‘Not with gold or goods,’ she answered; ‘but with flesh and blood.’

The Bride asked what she meant, and she answered, ‘Let me speak with the Bridegroom in his chamber to-night.’

The Bride refused. However, she wanted the dress so much that at last she consented; but the Chamberlain was ordered to give the Prince a sleeping draught.

At night, when the Prince was asleep, she was taken to his room. She sat down and said: ‘For seven years I have followed you. I have been to the Sun, and the Moon, and the Four Winds to look for you. I have helped you against the Dragon, and will you now quite forget me?’

But the Prince slept so soundly that he thought it was only the rustling of the wind among the pine-trees. When morning came she was taken away, and had to give up the dress; and as it had not helped her she was very sad, and went out into a meadow and cried.

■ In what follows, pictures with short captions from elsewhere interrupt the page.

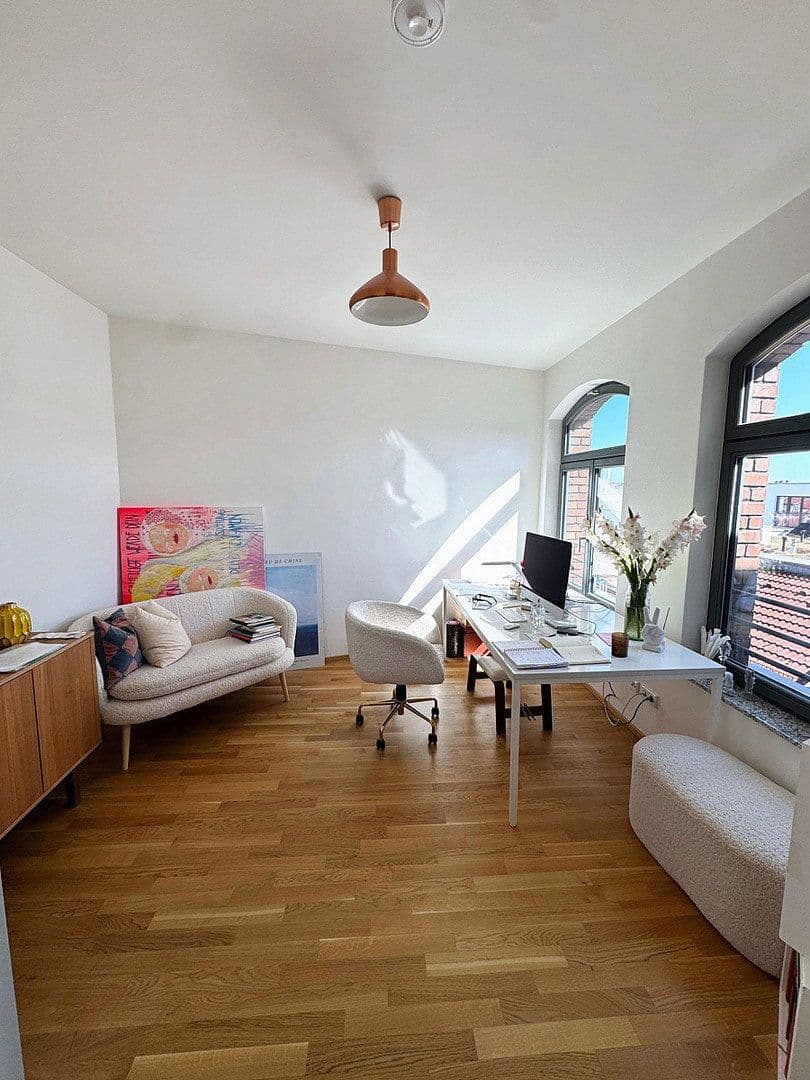 Pronájem bytu 3+1 102 m², Leonhardstraße 29, Nürnberg, Bavorsko Pronájem bytu 3+1 102 m², Leonhardstraße 29, Nürnberg, Bavorsko
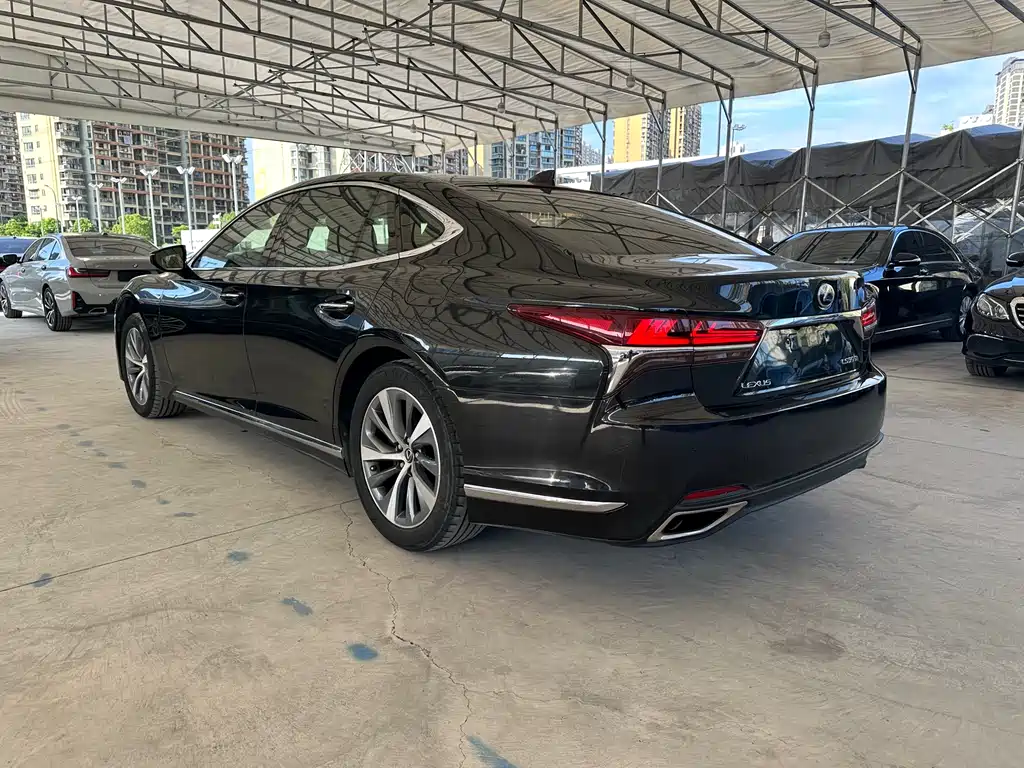 Lexus LS 2018 350 V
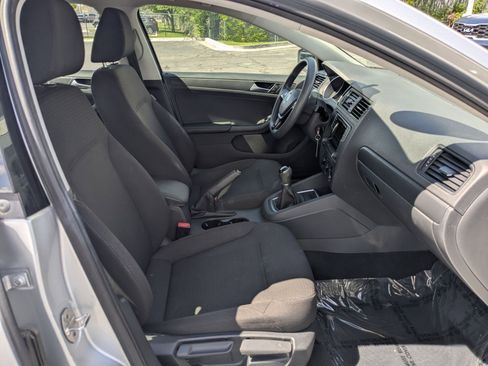 Used 2016 Volkswagen Jetta S image 26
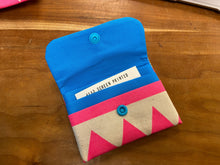 Load image into Gallery viewer, Card wallet - Neon pink triangles stripe (Horizontal pattern)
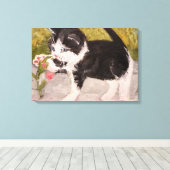 Kitten Playing mit rosa Blume Leinwanddruck (Insitu (Holzboden))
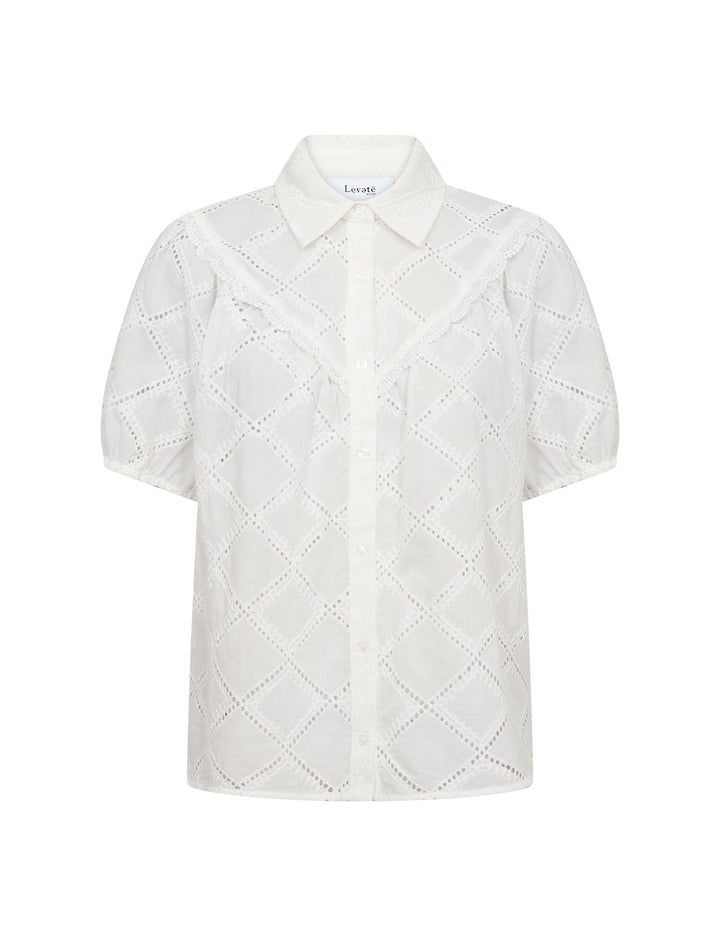 Hvit skjorte med brodert diamantmønster og korte puffede ermer, frontsett på hvit bakgrunn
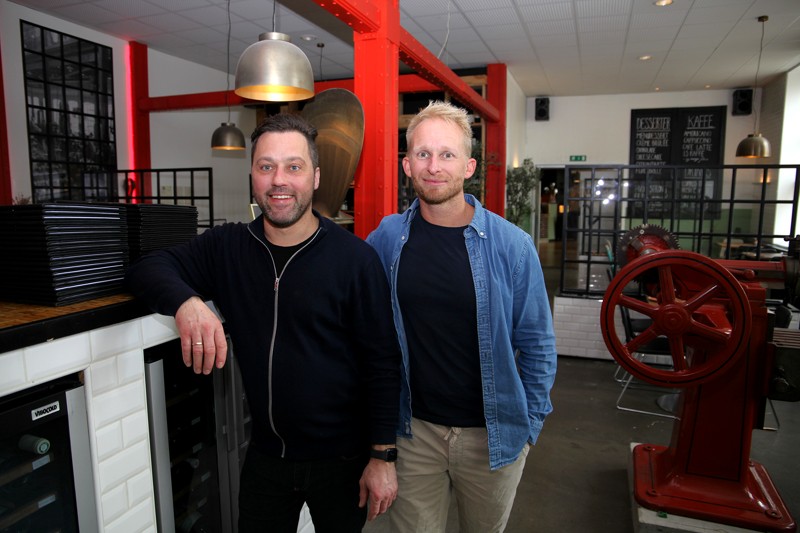 2takt-restauratørerne Thomas Suhr Christensen og Dennis Sommer er sprunget på poke bowl-bølgen, som er populær hos deres take away-kunder.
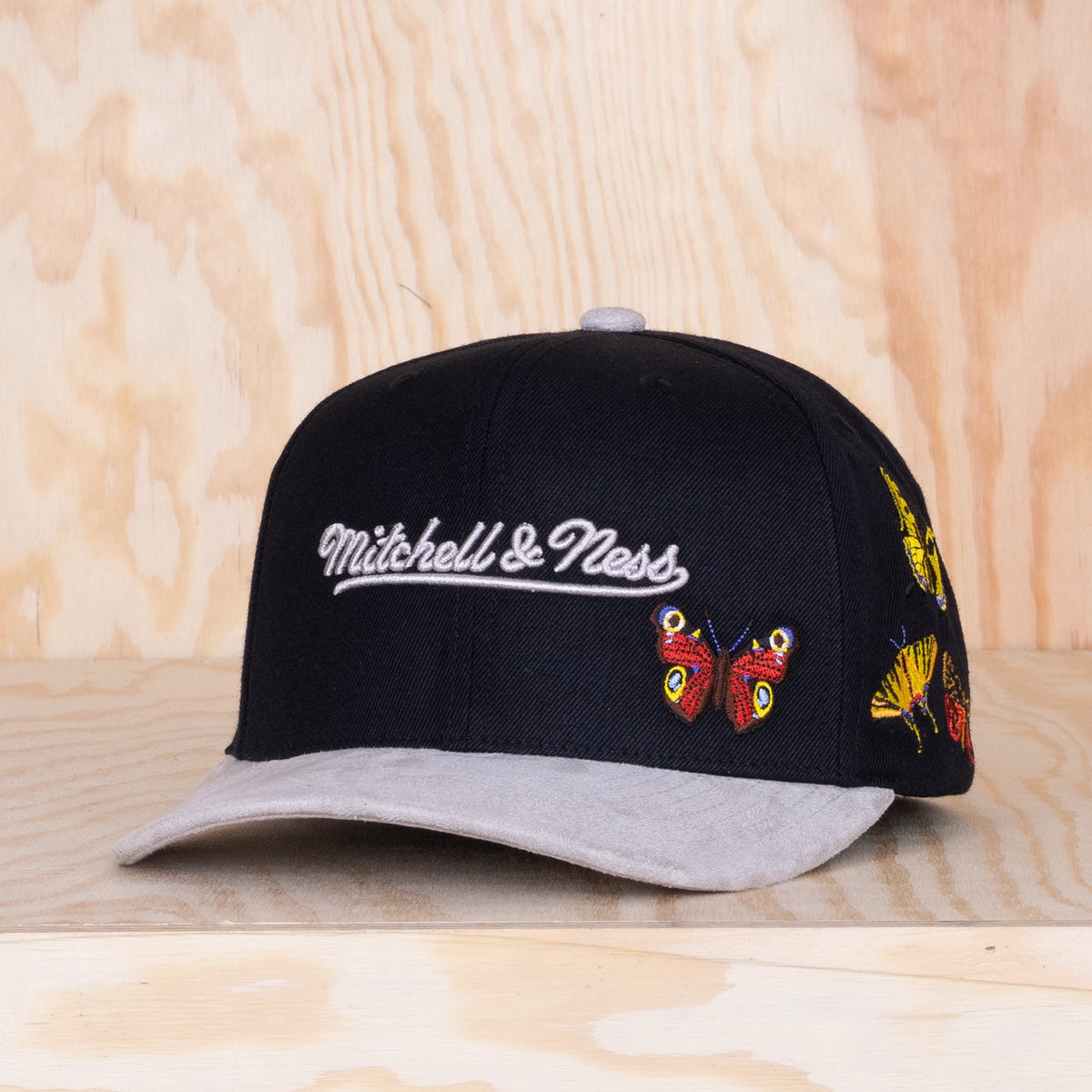 Mitchell & Ness Butterfly Pro Crown Own Brand Black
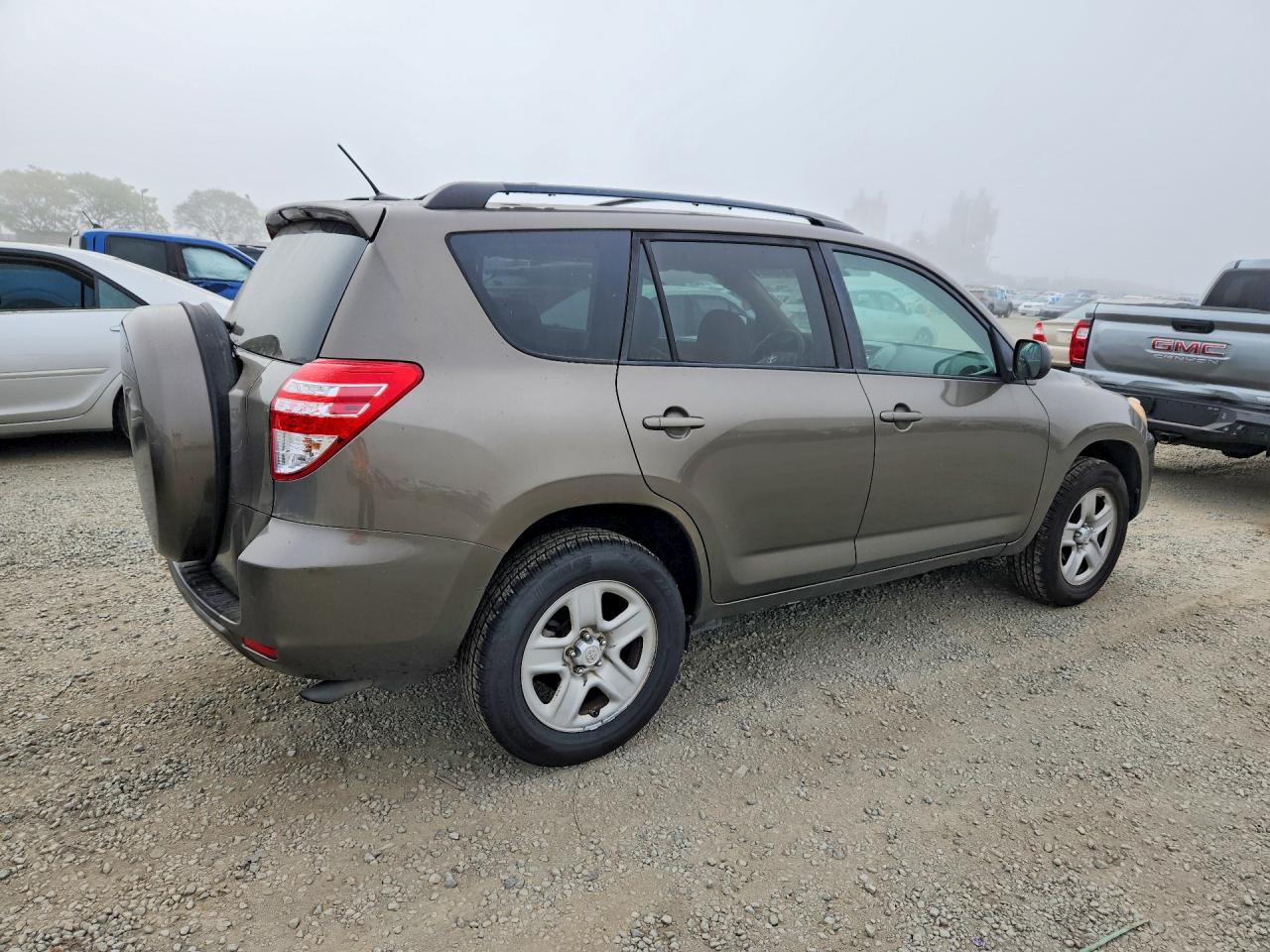 2010 TOYOTA RAV4 BASE photo 3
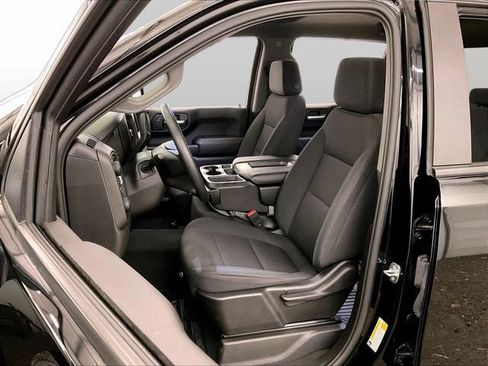 Used 2020 Chevrolet Silverado 1500 Custom w/ Custom Value Package AWD/4WD image 24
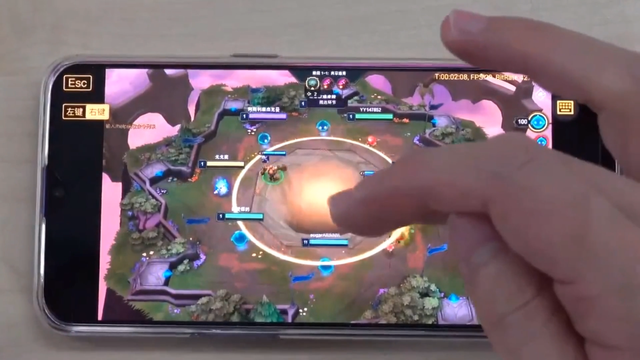 Tencent phát triển ứng dụng cho phép chơi LMHT ngay trên điện thoại di động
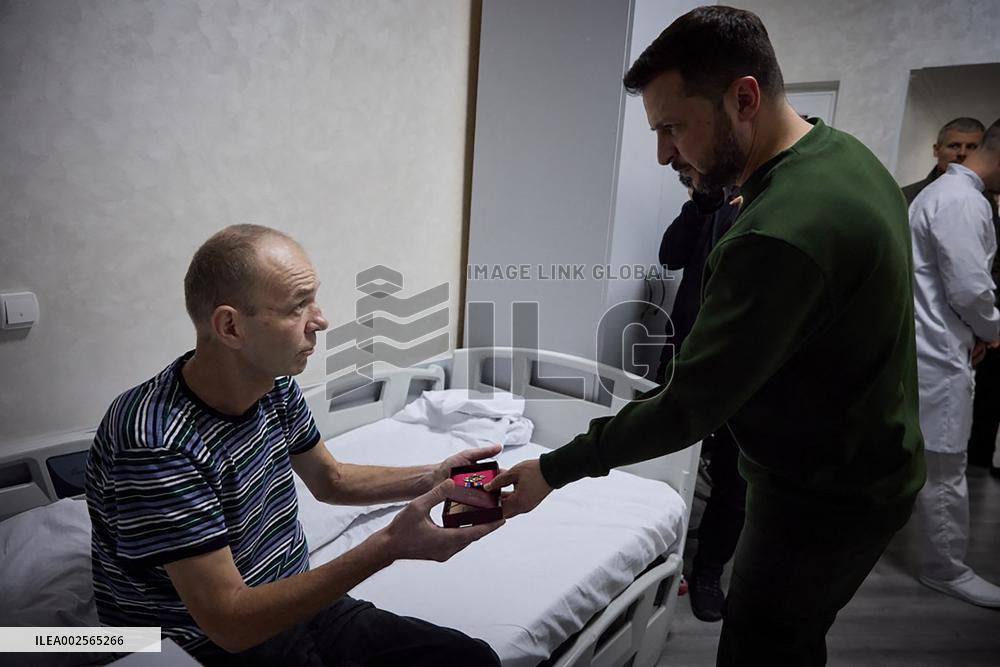 Volodymyr Zelenskyy Visits Military Hospital in Chernivtsi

As she was sitting there, she remembered the egg which the Moon had given her; she broke it open, and out came a hen and twelve chickens, all of gold, who ran about chirping, and then crept back under their mother’s wings. A prettier sight could not be seen. She got up and drove them about the meadow, till the Bride saw them from the window. The chickens pleased her so much that she asked if they were for sale. ‘Not for gold and goods, but for flesh and blood. Let me speak with the Bridegroom in his chamber once more.’

The Bride said ‘Yes,’ intending to deceive her as before; but when the Prince went to his room he asked the Chamberlain what all the murmuring and rustling in the night meant. Then the Chamberlain told him how he had been ordered to give him a sleeping draught because a poor girl had been concealed in his room, and that night he was to do the same again. ‘Pour out the drink, and put it near my bed,’ said the Prince. At night she was brought in again, and when she began to relate her sad fortunes he recognised the voice of his dear wife, sprang up, and said, ‘Now I am really free for the first time. All has been as a dream, for the foreign Princess cast a spell over me so that I was forced to forget you; but heaven in a happy hour has taken away my blindness.’

Then they both stole out of the castle, for they feared the Princess’s father, because he was a sorcerer. They mounted the Griffin, who bore them over the Red Sea, and when they got to mid-ocean, she dropped the nut. On the spot a fine nut-tree sprang up, on which the bird rested; then it took them home, where they found their child grown tall and beautiful, and they lived happily till the end.